Their index-linked inflated pensions are envied for their generosity, paid for effectively by tax payers. Even that former darling of the left, Ken Livingstone, recently admitted that Margaret Thatcher’s politics were, in the main, correct, resurrecting Britain’s futures, formerly the sick man of Europe.
Steve Davies, Totley Rise, S17
With public sector strikes looming, there is the usual outcry about what great pensions and salaries these workers have. May I inform readers of the other side of the coin?
I worked as a civil servant for 20 years, followed by two years in local government before I retired in 2009. A lot of the time I was working under intense pressure to hit daily targets. Failure to do so impacted on my future position and salary.
However, the most I ever earned was a little more than £15,000 a year.
Most of the other employees earned around the same. Many of my younger colleagues were entitled to claim benefits, just like anyone else on low pay (my son is one of them and with nearly 20 years service earns only around £17,000 a year).
Their pay was about half the national average, so it is extremely unfair to say they have comfortable salaries and lifestyles. The big salaries go to relatively few, but because of the way it is reported the public think that all public sector workers earn such salaries.

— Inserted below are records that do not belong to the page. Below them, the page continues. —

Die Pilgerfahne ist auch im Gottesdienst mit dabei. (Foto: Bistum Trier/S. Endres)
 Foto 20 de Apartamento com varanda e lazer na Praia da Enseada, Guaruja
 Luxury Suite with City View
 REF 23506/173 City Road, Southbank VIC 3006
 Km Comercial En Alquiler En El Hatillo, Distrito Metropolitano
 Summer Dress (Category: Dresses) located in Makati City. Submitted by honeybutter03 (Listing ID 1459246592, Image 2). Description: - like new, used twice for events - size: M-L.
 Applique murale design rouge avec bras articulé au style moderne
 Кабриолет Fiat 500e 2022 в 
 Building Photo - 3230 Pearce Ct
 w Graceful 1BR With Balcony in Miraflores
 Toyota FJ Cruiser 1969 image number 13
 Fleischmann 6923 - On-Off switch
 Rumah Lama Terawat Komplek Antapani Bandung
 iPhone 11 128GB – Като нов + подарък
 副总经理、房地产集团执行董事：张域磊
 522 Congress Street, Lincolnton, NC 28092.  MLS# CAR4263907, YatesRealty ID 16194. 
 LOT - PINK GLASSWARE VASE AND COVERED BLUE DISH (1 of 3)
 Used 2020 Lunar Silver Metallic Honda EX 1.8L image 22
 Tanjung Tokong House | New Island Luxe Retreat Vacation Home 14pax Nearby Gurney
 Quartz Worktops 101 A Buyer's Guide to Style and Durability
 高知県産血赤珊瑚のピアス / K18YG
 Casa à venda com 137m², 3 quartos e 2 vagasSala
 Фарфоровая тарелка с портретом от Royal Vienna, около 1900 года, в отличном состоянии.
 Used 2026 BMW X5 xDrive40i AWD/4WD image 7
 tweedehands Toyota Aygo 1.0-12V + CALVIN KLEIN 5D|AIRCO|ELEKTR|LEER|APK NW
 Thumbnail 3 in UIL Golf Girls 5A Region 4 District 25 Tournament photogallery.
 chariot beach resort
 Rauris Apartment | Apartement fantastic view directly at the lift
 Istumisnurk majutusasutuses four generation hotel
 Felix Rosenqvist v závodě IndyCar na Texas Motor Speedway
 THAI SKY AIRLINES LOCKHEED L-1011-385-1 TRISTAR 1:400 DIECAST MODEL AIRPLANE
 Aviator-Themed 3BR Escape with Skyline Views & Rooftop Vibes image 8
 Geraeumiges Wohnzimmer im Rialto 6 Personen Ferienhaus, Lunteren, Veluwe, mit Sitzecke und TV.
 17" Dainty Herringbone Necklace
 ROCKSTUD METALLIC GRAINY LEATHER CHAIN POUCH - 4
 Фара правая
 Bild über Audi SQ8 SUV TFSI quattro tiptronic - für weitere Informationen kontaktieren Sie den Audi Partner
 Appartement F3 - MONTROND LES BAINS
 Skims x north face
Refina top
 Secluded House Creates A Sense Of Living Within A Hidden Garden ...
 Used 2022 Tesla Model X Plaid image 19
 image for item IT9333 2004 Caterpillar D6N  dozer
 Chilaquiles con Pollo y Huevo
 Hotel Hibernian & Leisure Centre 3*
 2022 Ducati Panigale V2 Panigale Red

As for gold-plated pensions, that’s a misnomer too. From the day I joined the civil service I paid into my pension from my salary. I also opted to pay additional voluntary payments to top up my pension. After 20 years, my pension is worth just over £400 a month. Hardly Utopia!
While people might not agree with the strikes, they should at least base their judgement on the conditions for the majority of public servants, not the minority.